Top 5 Reasons why Erasure Coding and Media Storage don’t Mix well

Erasure Coding & Media Storage

There are two basic choices when using Object Storage for how objects are kept. One is Erasure Coding, the other is Multiple Instances.

Erasure-coding:

An object is split across multiple nodes such that should a subset of those nodes be available, the object can be rebuilt / read. E.g., you might have a “5+2” algorithm on 7 nodes. This would mean that so long as 5 nodes are “up” you could read your object. It would also mean that the overhead is 140% (where 100% means storing the object without any protection). However, there’s a problem, if a node is down, can you still write new objects? (7 nodes aren’t available), and two disks failing at any one time is relatively likely on large systems with 100s of drives – mean time to recovery is too slow – therefore most such systems don’t really work well till you have 10+5 type protection (ok, 150% overhead but requiring 15 nodes to work as intended).

Multiple Instances:

An object is kept as a contiguous object on a node. However, more than one node will keep the data. In the case of Object Matrix’s product MatrixStore, by default we keep data on multiple nodes, RAID6. The overhead is typically 220% – that’s obviously not as good as 150%. However, a massive 6 disks would have to fail before data is lost, replacing disks and rebuilding is hot swap and there are other advantages we will look at in this article.

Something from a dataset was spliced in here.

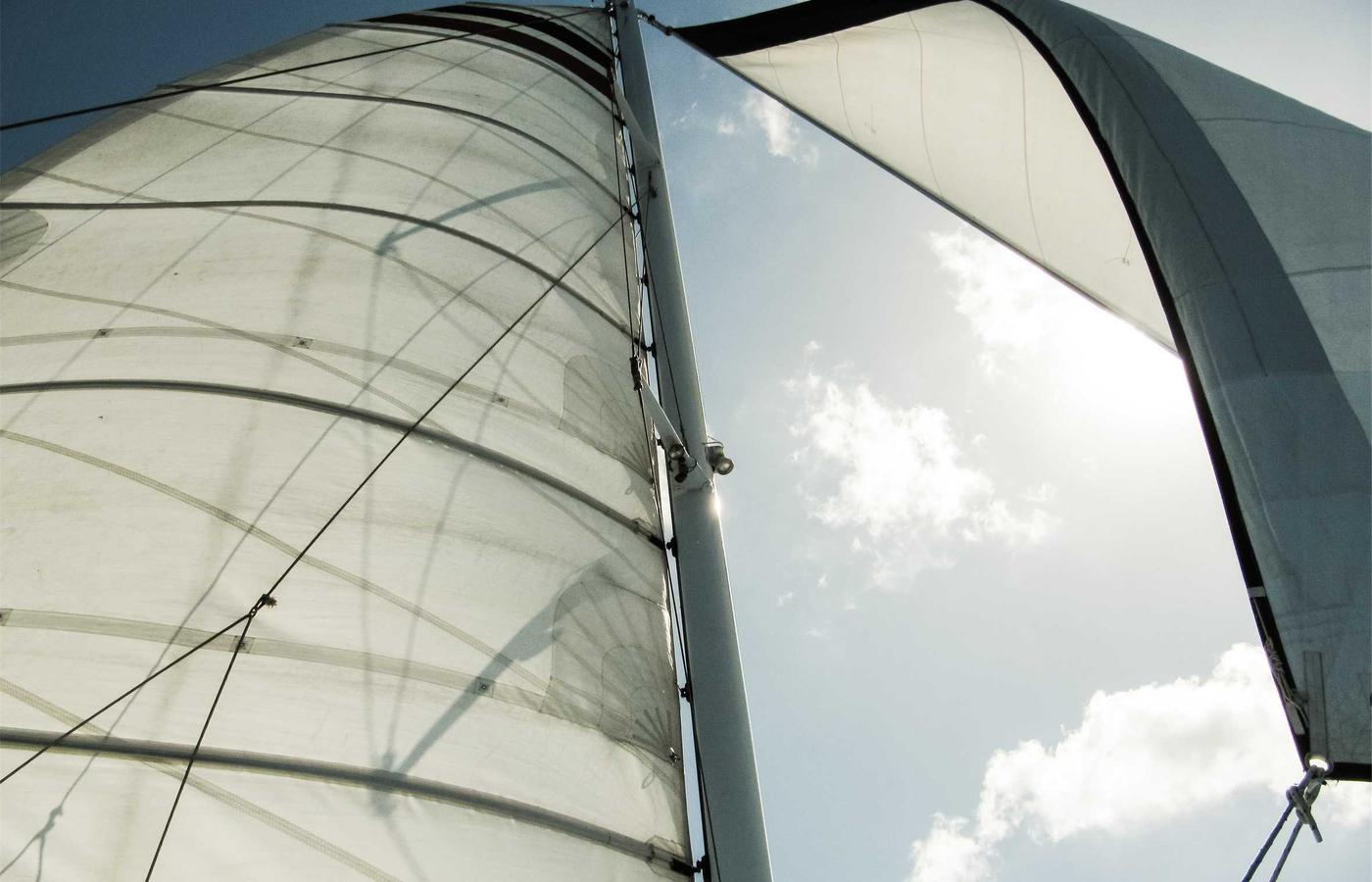 Portretul Directorului General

Every object storage solution is configurable, the below are generalisations but we often get asked:

Why use Multiple Instance (MI) setups for media storage?

  • Reason 1: Small Object Storage Systems Must Use MI

    Let’s face it – not everyone wants/needs 15 nodes! MatrixStore runs with 3 (5 nodes just fine. And if one fails, objects can still be written or read. But why would someone want a small object storage system? 100s of reasons; they want to take advantage of automated search, metadata extraction, HSM, replication, hybrid workflows, data protection policies… Ultimately, you can start but expand out to 100s of Petabytes without needed to reconfigure anything in the software.

  • Reason 2: Large Object Storage Systems Save Space with MI

    When you’ve got a large object storage solution, chances are that you are going to start thinking about dual (or more) location for disaster recovery and business continuity. At that stage, your protection is in the storage ring – perhaps one copy in London another in New York. With multiple instances, you just keep one copy in each location – with Object Matrix that’s at a 120% overhead or less (12 drives RAID6’d) and the system can auto restore from the remote location if there’s a local issue.

  • Reason 3: Media Files Need Random Access

    When an Object is not kept contiguously and needs to be reconstructed for random access, that’s a very expensive operation indeed. If you want to random access your media files, we’d say there’s no faster way than keeping an object contiguous on a fast RAID array. This can also be very true for operations such as partial restore of media files.

  • Reason 4: Media Libraries need (AI) Analysis!

    So, you’ve taken the major step of extracting your media archive from your LTO solution on to an object storage solution so that you can have faster access to that archive. The next thing that happens is that you get some fancy new AI algorithm to analyse your video for search. Analysing video means reading every single byte in your library, sometimes with random access (see reason no. 3). With Erasure Codes at this point: firstly most systems will require all those objects to be reconstructed, read to somewhere (outside of the object storage box) and analysed, before the metadata is stored into another database. This is all around painful. With Object Matrix many optimisations can be made. For a start, generally reading a contiguous file is far less CPU hungry than reconstructing objects, secondly metadata can be stored in searchable internal DBs, and lastly, you have the option to work with Object Matrix to actually run that analysis inside of the object storage.

  • Reason 5: Future Proof through Flexibility

    Once you start using erasure coding across a wide number of nodes, with CPUs of various speeds and different performances of those nodes across time (e.g., if you scale up your solution in a few years), then simplicity of solution is a major benefit. With multiple instances of objects on multiple nodes, you don’t really care that one node is slower or faster, you can take advantage of new hardware generations quickly and you don’t have a proprietary algorithm that you must go through (equals vendor lock-in in many cases) in order to access your data. KISS (“keep it simple stupid”) applies. Object storage is a beautiful building block to build robust, secure, future proof data stores, but even a beautiful building brick can make a wonky house if used wrongly.

About The Author

Jonathan Morgan is founder and the CEO of Object Matrix. Prior to Object Matrix Jonathan led the largest development team on EMC’s Centera product. At EMC Jonathan helped to design and implement CPP – content data protection – arguably the world’s first object storage erasure code solution.